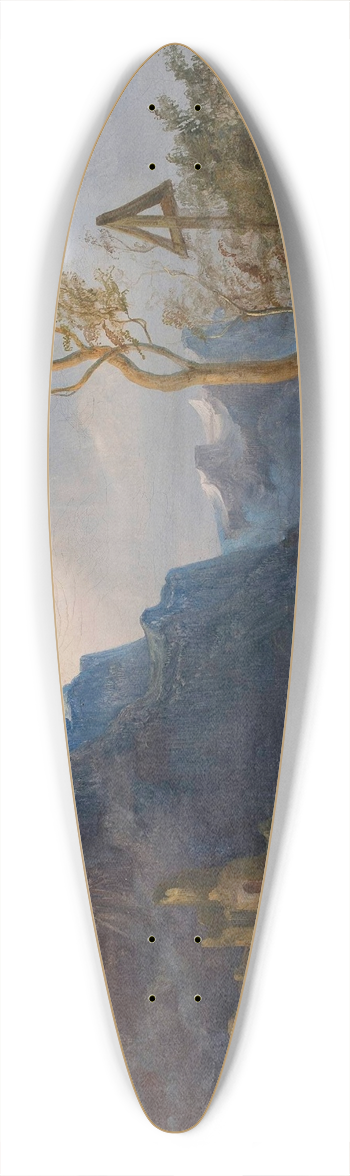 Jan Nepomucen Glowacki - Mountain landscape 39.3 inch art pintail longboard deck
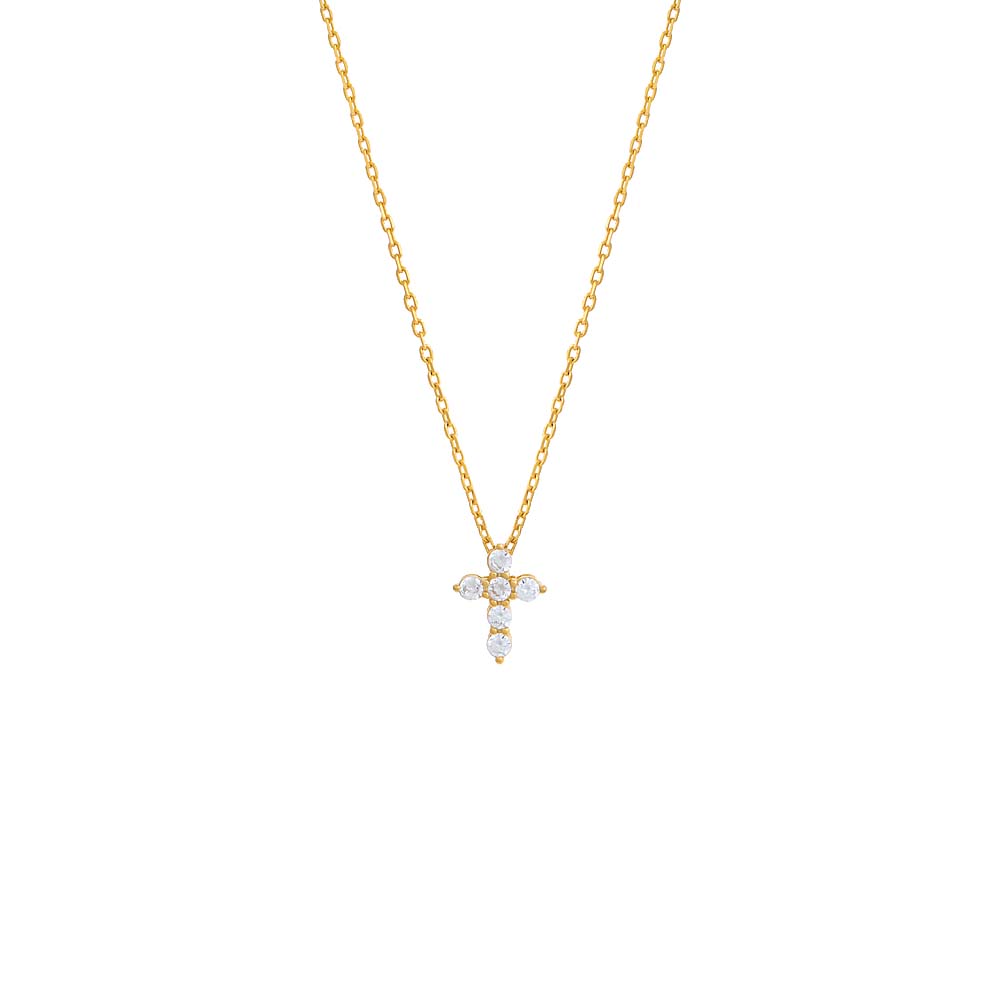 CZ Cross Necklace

---

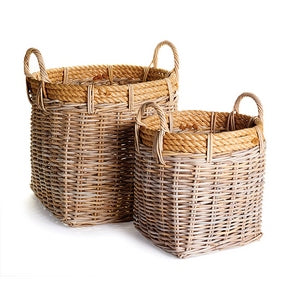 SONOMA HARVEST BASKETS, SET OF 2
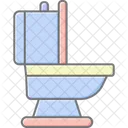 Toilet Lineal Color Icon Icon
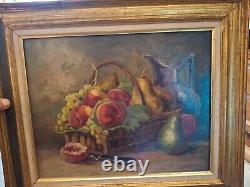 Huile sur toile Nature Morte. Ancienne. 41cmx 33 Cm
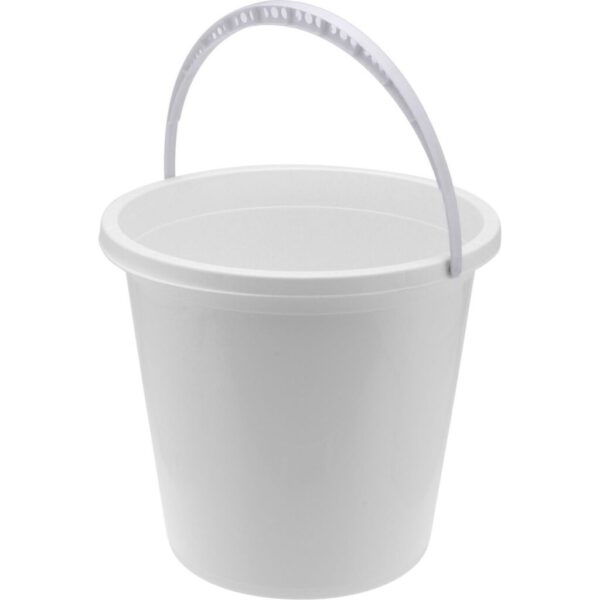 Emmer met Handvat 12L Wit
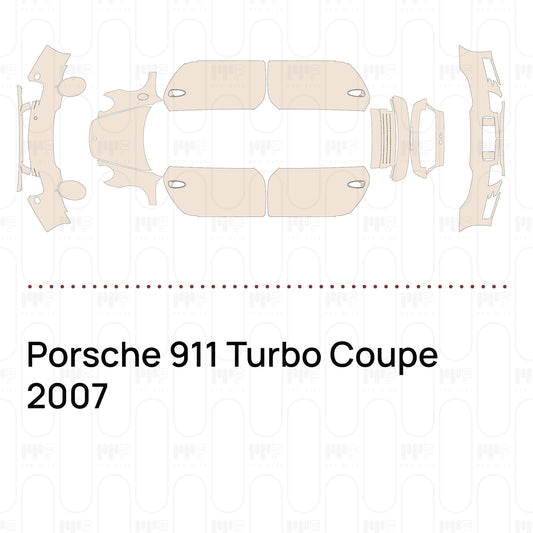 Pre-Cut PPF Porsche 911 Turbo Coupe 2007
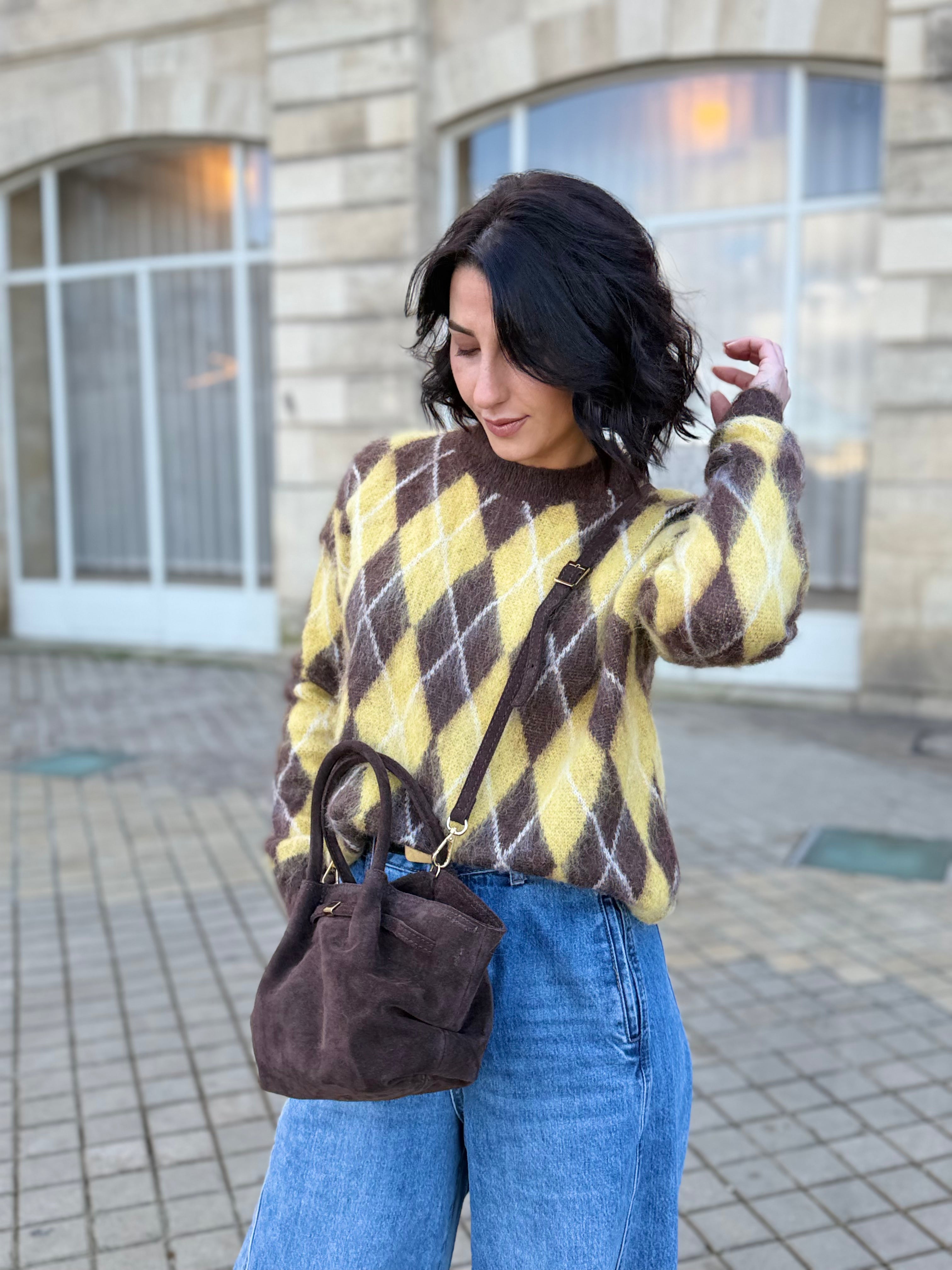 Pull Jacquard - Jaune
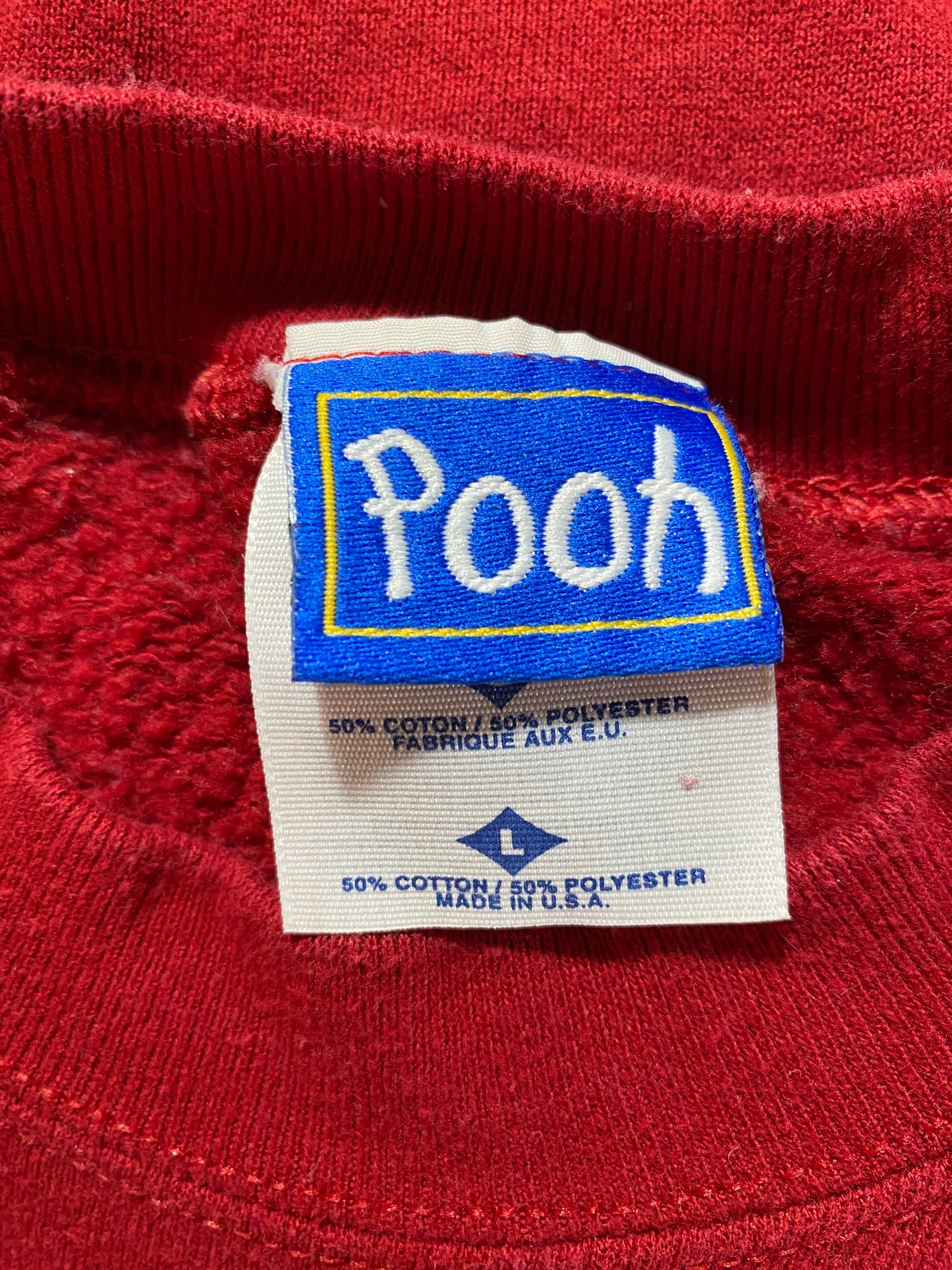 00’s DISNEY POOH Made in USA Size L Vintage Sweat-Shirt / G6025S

_Try it_
Look through the material above. Transcribe exactly the lines between the ones with "SONOMA HARVEST BASKETS, SET OF 2" and "00’s DISNEY POOH", inclusive, and keep pictures out.

_Exercise output_
 SONOMA HARVEST BASKETS, SET OF 2
 Toilet Lineal Color Icon Icon
 Huile sur toile Nature Morte. Ancienne. 41cmx 33 Cm
 Emmer met Handvat 12L Wit
 Pre-Cut PPF Porsche 911 Turbo Coupe 2007
 Pull Jacquard - Jaune
 00’s DISNEY POOH Made in USA Size L Vintage Sweat-Shirt / G6025S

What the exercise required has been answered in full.